The queue system

From hpcwiki
Jump to navigation Jump to search

In order to manage jobs, a queue manager called Torque (PBS Parallel Batch System implementation), is active.

A batch job consists of a regular bash script containing resource requests (eg amount of nodes/cores/memory). When enough resources are available, your script is launched on the assigned node. The script should make sure the application is launched on the assigned nodes. The way this is done is application specific and probably explained in the application documentation (eg Matlab parallel toolbox). Keep in mind the queue doesn't do any magic, it only assigns nodes, launches the script and waits until the script finishes.

The three most used user commands in a PBS/Torque queue system are:

qsub

Usage: qsub <job script>

Submits a job into the queue system, specified in the file <job script>. This is a shell command file with extra PBS queue directives.

A simple example job looks like this:

#!/bin/sh
#
#PBS -N echo_test
#PBS -l nodes=1,walltime=01:00:00
#PBS -q guest
#PBS -M J.Smith@example.com
#PBS -o out.$PBS_JOBID
#PBS -e err.$PBS_JOBID
# Start echo_test example job
cd $PBS_O_WORKDIR
echo "hello"

This script will change to the directory where the job file is submitted, run the shell command 'echo “hello”' on a slave node and exit.

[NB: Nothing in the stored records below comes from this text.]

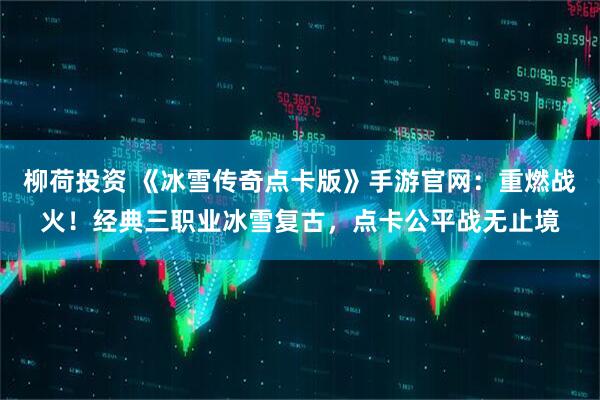 柳荷投资 《冰雪传奇点卡版》手游官网：重燃战火！经典三职业冰雪复古，点卡公平战无止境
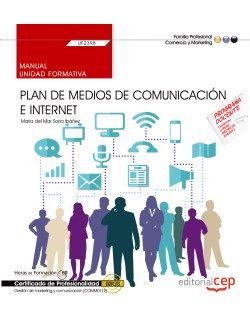 Manual. Plan de medios de comunicación e Internet (UF2398). Certificados de profesionalidad. Gestión de marketing y comunicación (COMM0112) Imagen principal del producto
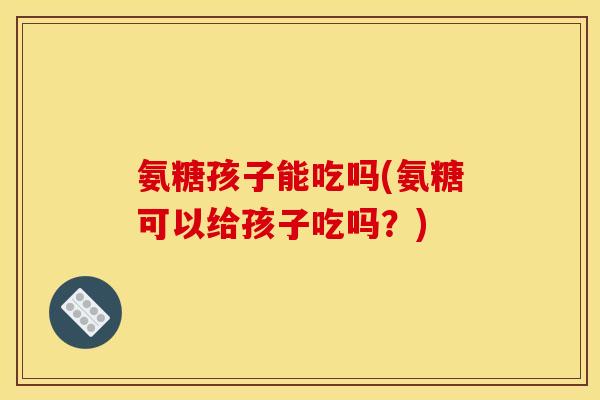 氨糖孩子能吃吗(氨糖可以给孩子吃吗？)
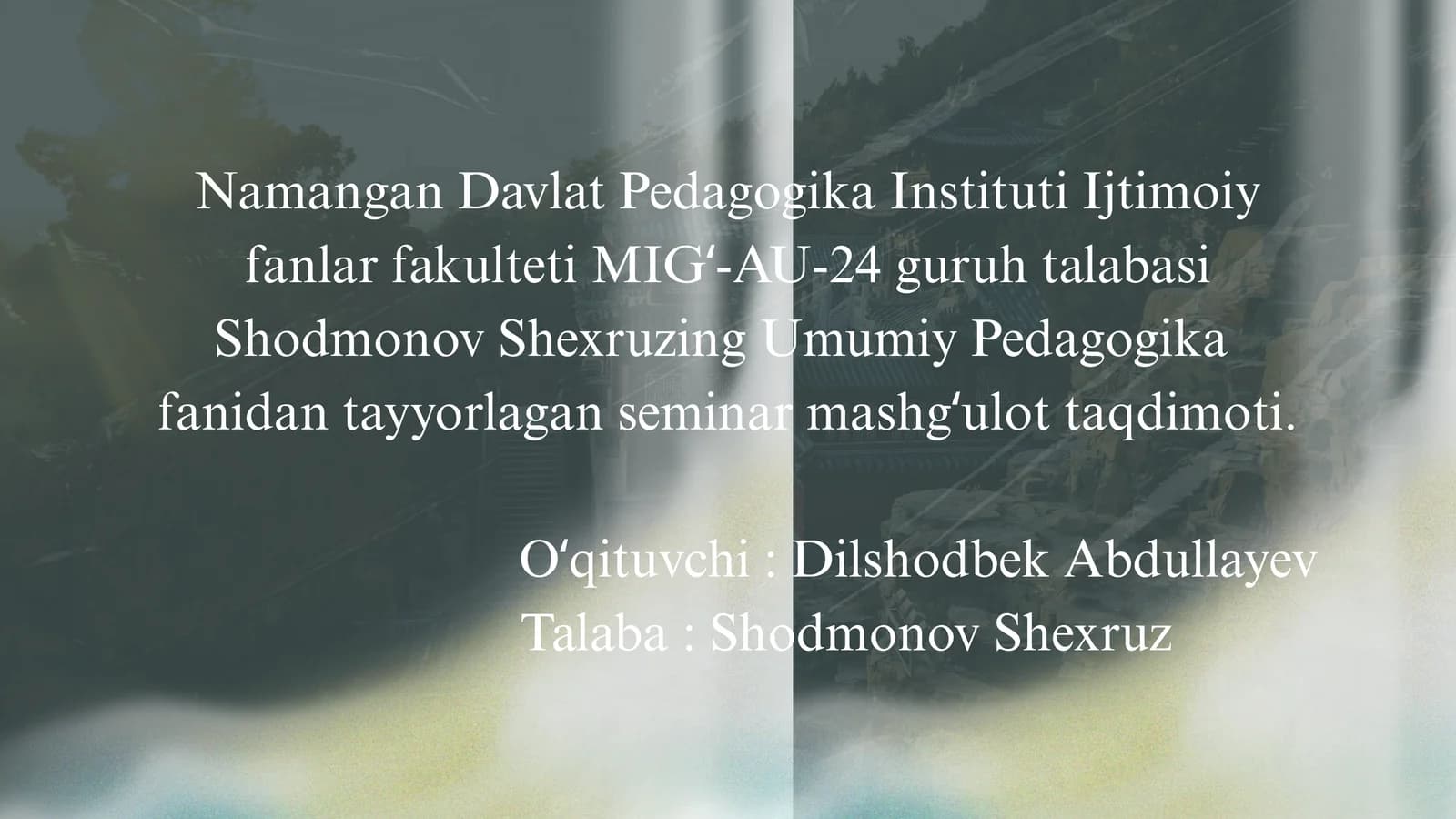 Umumiy pedagogika fanidan seminar taqdimot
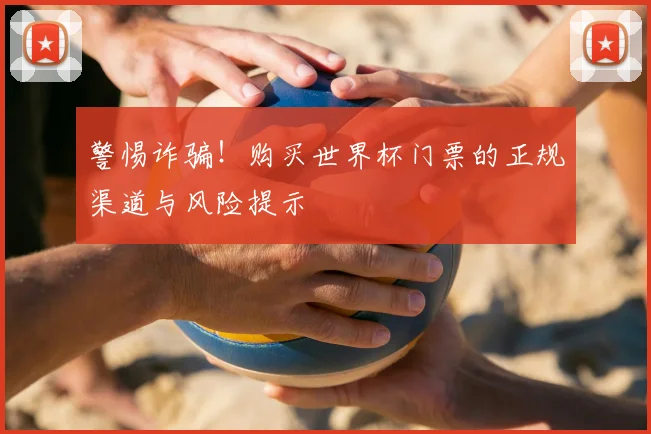 警惕诈骗！购买世界杯门票的正规渠道与风险提示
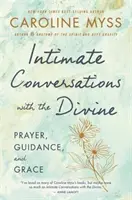Conversații intime cu divinul - Rugăciune, îndrumare și har - Intimate Conversations with the Divine - Prayer, Guidance and Grace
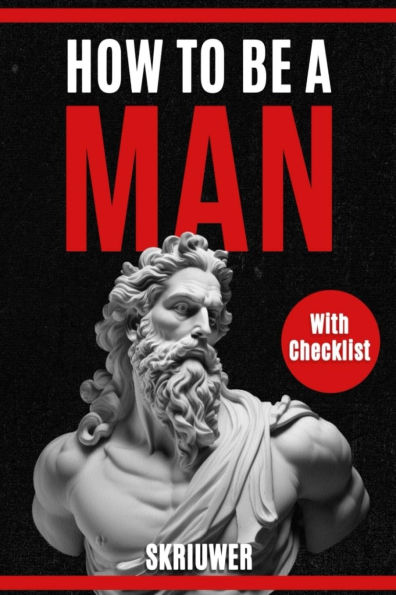 How to Be a Man: A book for men about dating, self esteem, self love, self growth, motivation, inspiration and more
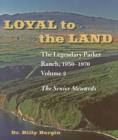 Loyal to the Land v. 2 : The Legendary Parker Ranch, 1950-1970 - Book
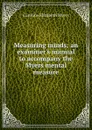 Measuring minds; an examiner.s manual to accompany the Myers mental measure - Caroline Elizabeth Myers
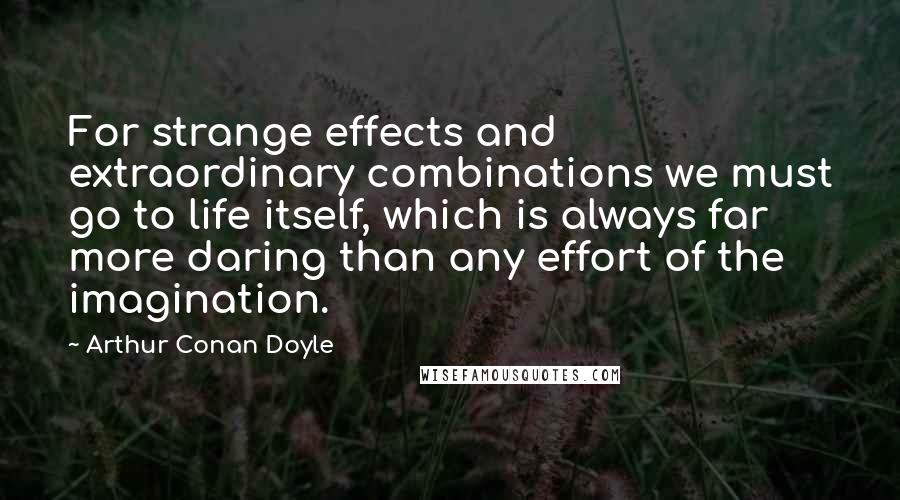 Arthur Conan Doyle Quotes: For strange effects and extraordinary combinations we must go to life itself, which is always far more daring than any effort of the imagination.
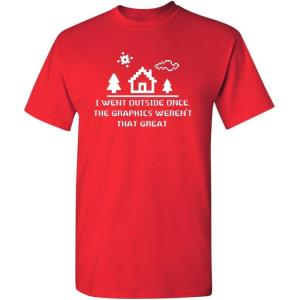 imageI Went Outside Once Adult Humor Graphic Novelty Sarcastic Funny T ShirtRed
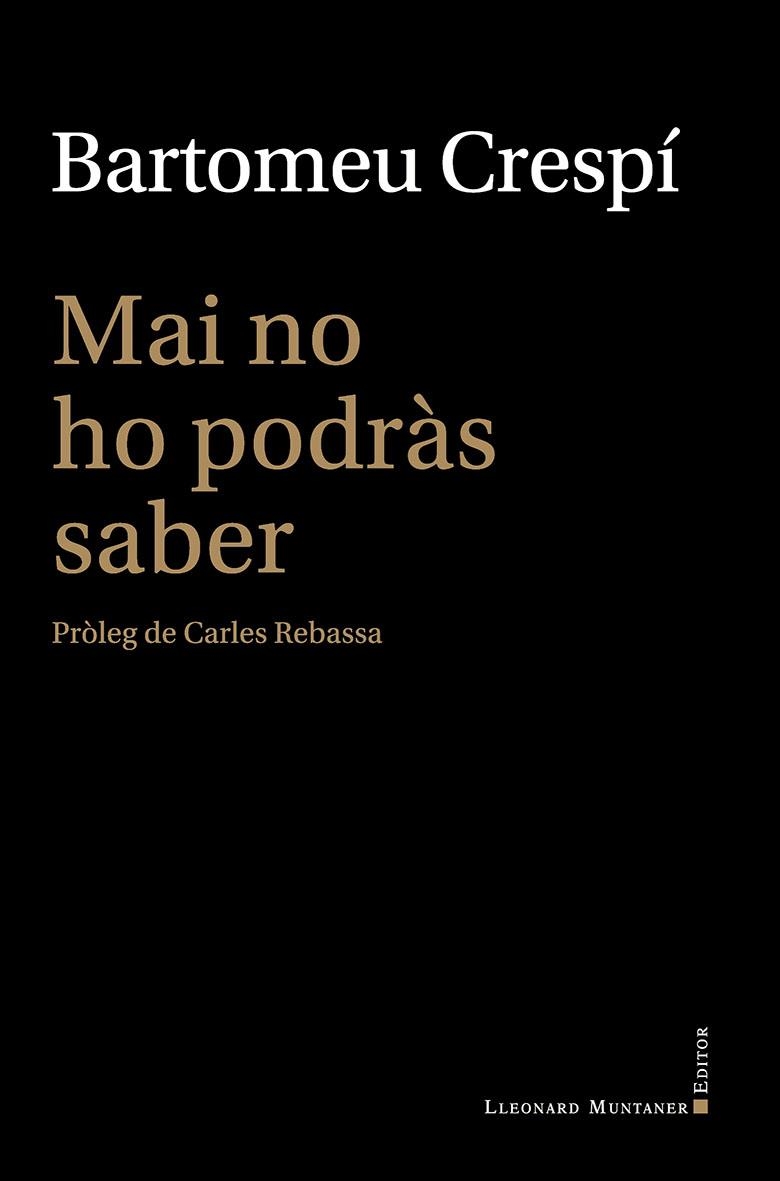 Mai no ho podràs saber | 9788410377578 | Crespí, Bartomeu | Llibres.cat | Llibreria online en català | La Impossible Llibreters Barcelona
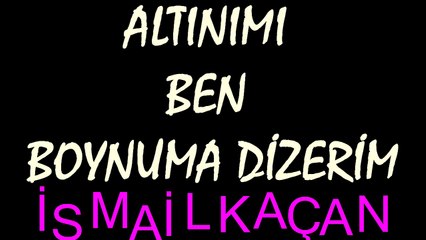 İSMAİL KAÇAN ALTINIMI BEN BOYNUMA DİZERİM EMİRDAĞ TÜRKÜSÜ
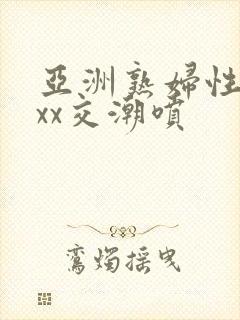 亚洲熟妇性xxxx交潮喷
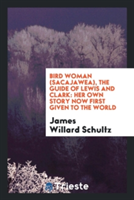 Bird Woman (Sacajawea), the Guide of Lewis and Clark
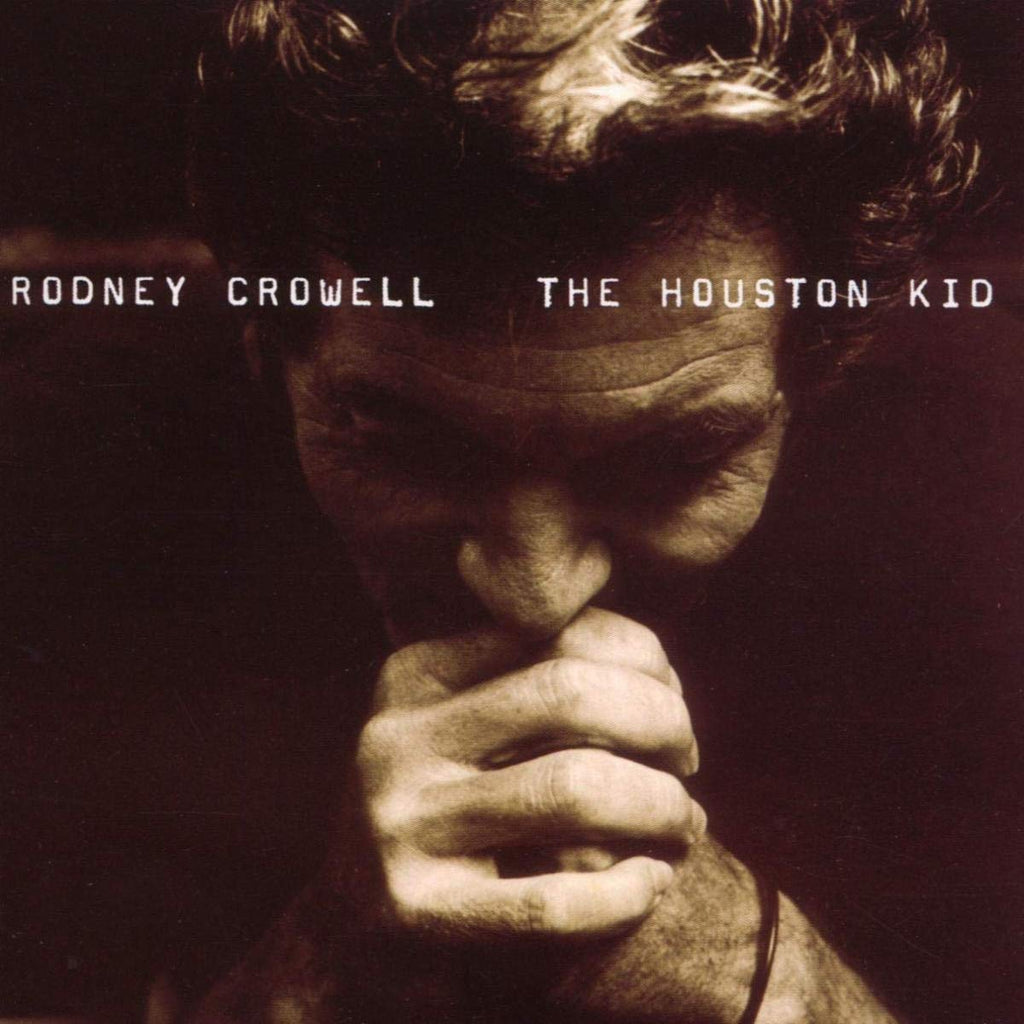 Rodney Crowell - The Houston Kid (Coloured)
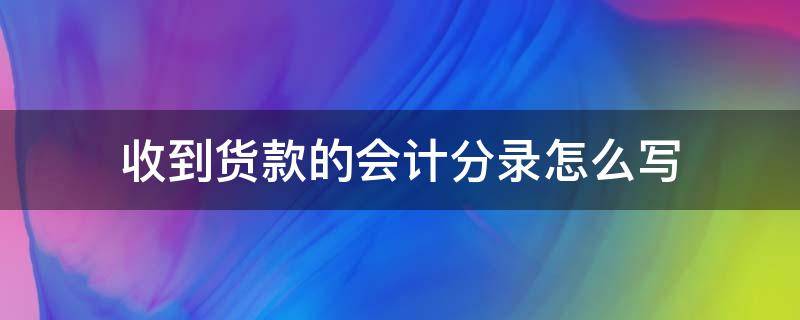 收到货款的会计分录怎么写（收到货款的会计分录怎么写例题）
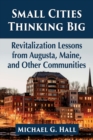 Small Cities Thinking Big : Revitalization Lessons from Augusta, Maine, and Other Communities - Book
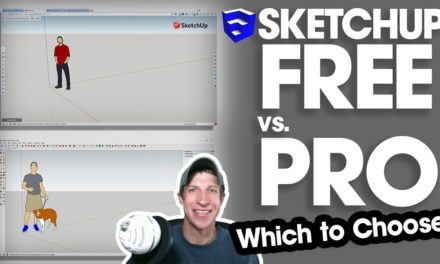 SketchUp FREE VS SHOP VS PRO – Which One Should You Choose?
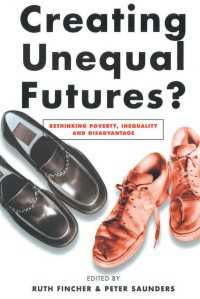 Creating Unequal Futures? : Rethinking poverty, inequality and disadvantage
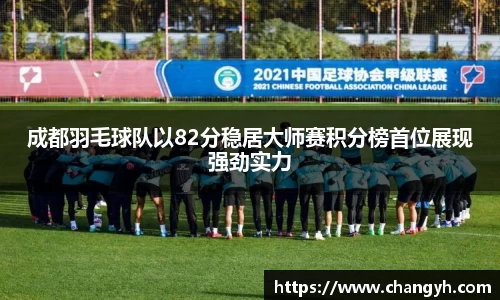 成都羽毛球队以82分稳居大师赛积分榜首位展现强劲实力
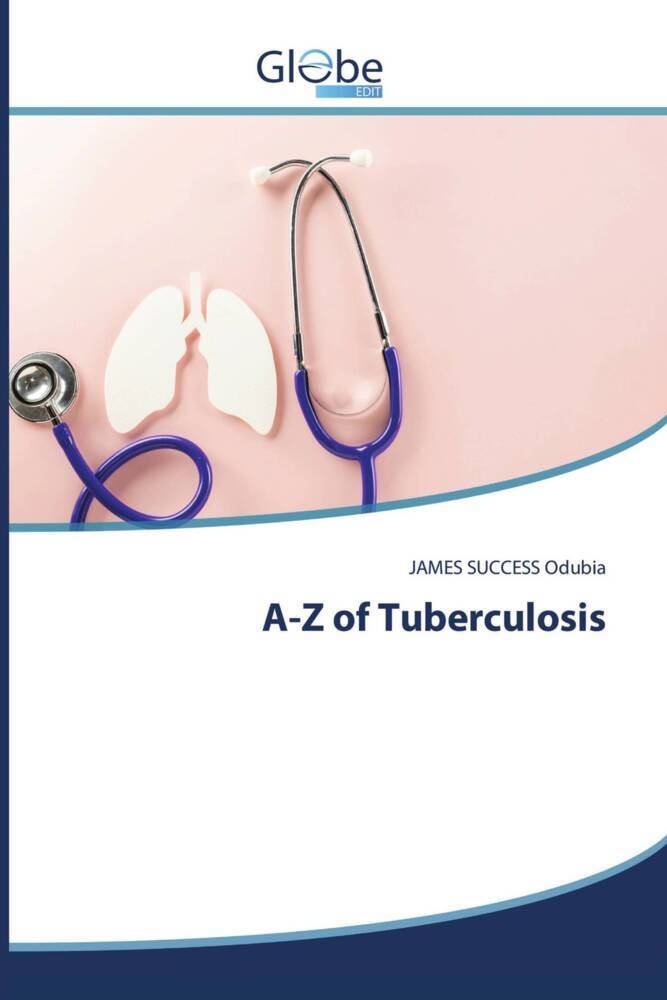 A-Z of Tuberculosis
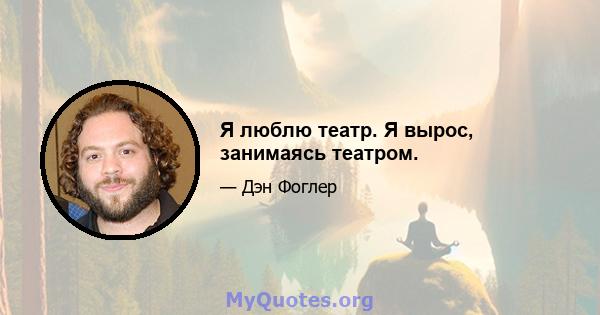 Я люблю театр. Я вырос, занимаясь театром.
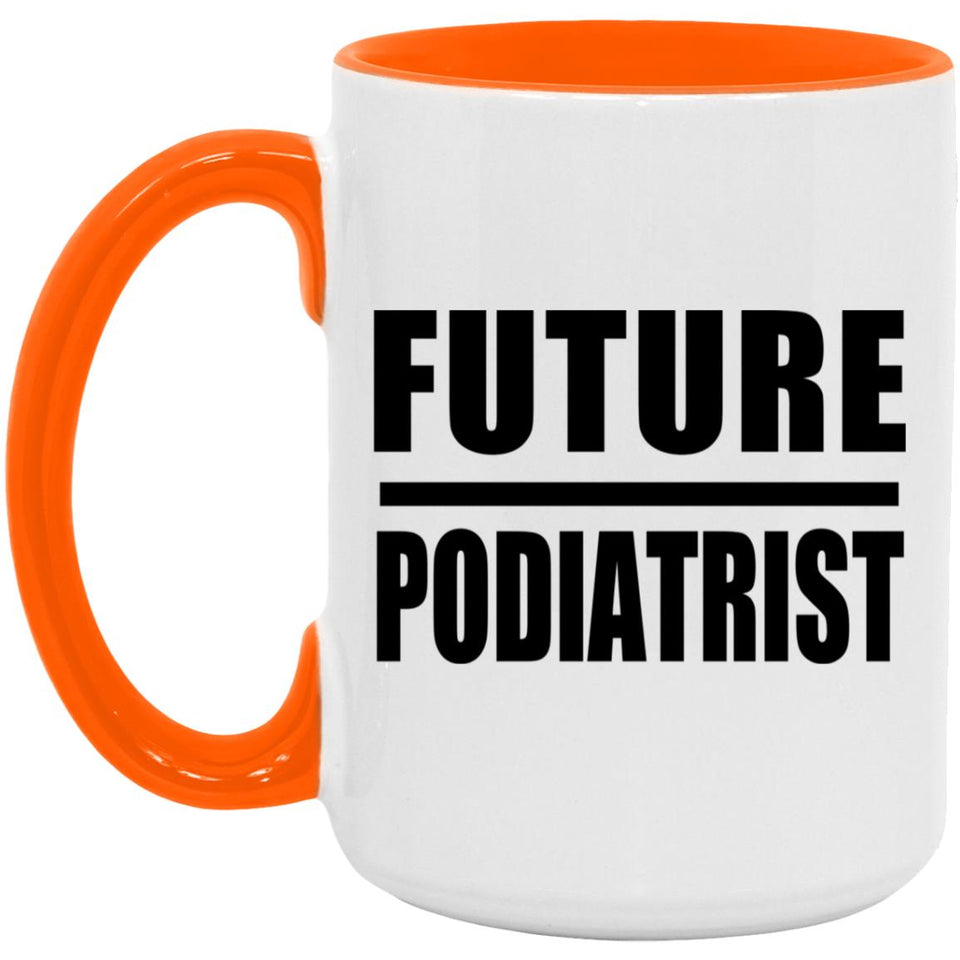 Future Podiatrist - 15oz Accent Mug Orange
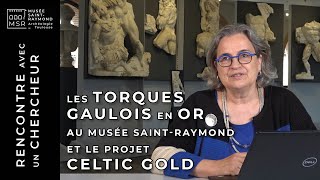 Barbara Armbruster Les torques gaulois en or du musée SaintRaymond et le projet quotCeltic Goldquot [upl. by Pearlman]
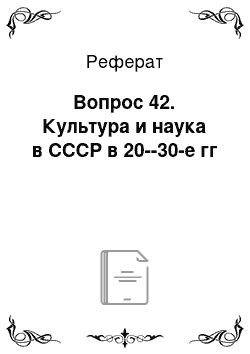 Реферат: Вопрос 42. Культура и наука в СССР в 20--30-е гг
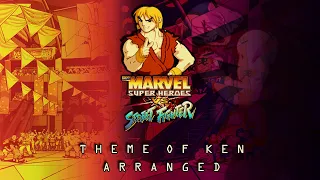 Marvel Super Heroes VS Street Fighter Original Sound Track & Arrange - Theme of Ken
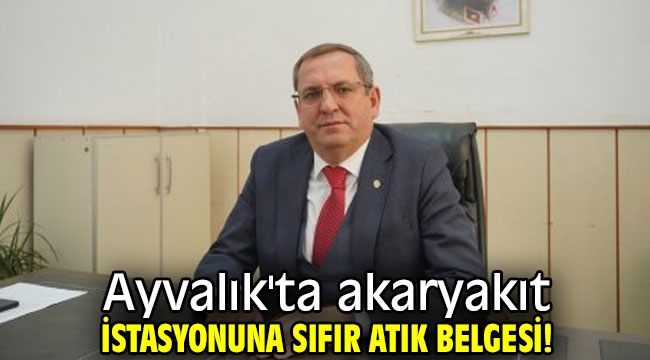 Ayvalık'ta akaryakıt istasyonuna sıfır atık belgesi!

The #PBS lines are Torque directives which provide the following information to the queue system:

#PBS -N <name>

Name of the job in queue system

#PBS -­l nodes=<x>,walltime=<hh:mm:ss> or
#PBS ­-l nodes=<x>:ppn=<c>,walltime=<hh:mm:ss>

Number of requested nodes <x>, procs/cores <c> and optionally, estimated wallclock time <hh:mm:ss> (hours : minutes : seconds) the job wil require

#PBS -q <queue>

Name of the queue where the job will be submitted

#PBS -M <email adres>

Email address to send job status in case of a problem

#PBS -o <file>

Name of output file to write stdout

#PBS -e <file>

Name of output file to write stderr

You can use certain environment variables in the job script to pass specific data to programs or change directories. In fact, the example job script uses two variables: $PBS_JOBID and $PBS_O_WORKDIR

The most useful variables are:

$PBS_JOBNAME User specified job name
$PBS_JOBID Unique PBS/torque job id
$PBS_QUEUE Job queue where the job is submitted to
$PBS_WALLTIME Total wallclock time in seconds
$PBS_O_WORKDIR Directory where qsub command was executed
$PBS_O_HOME Home directory of submitting user
$PBS_O_LOGNAME Name of submitting user
$PBS_O_SHELL Script shell
$PBS_O_HOST Host on which job script is currently running
$PBS_O_PATH Path variable used to locate executables within job script
$TMPDIR Local scratch directory on the node. Use this for storing temporary files.
Since this is a local disk, access is much faster than the /home directory.
The directory will be cleaned when the job exits.
$PBS_NUM_NODES Number of nodes allocated to the job
$PBS_NUM_PPN Number of procs(=cores) per node allocated to the job
$PBS_NP Number of total procs(=cores) allocated to the job (equal to $PBS_NUM_NODES * $PBS_NUM_PPN)
$PBS_NODEFILE File containing line delimited list on nodes allocated to the job

qdel

Usage: qdel <jobid>

Deletes job with id <jobid> from the queue. If <jobid> is 'all', all user jobs will be deleted.

qstat

Usage: qstat [-­a] [­-n] [­-q] [­-Q]

Prints an overview of jobs with their respective owners, queues, queue times and status

-­a Displays jobs in the queue system in a long line format.

-n Like ­-a , but also lists the processor core(s) and node(s) used.

-q Displays queues and their status, number of jobs running, jobs queued, and total jobs allowed.

-Q Like -­q but shows additional queue parameters with longer lines.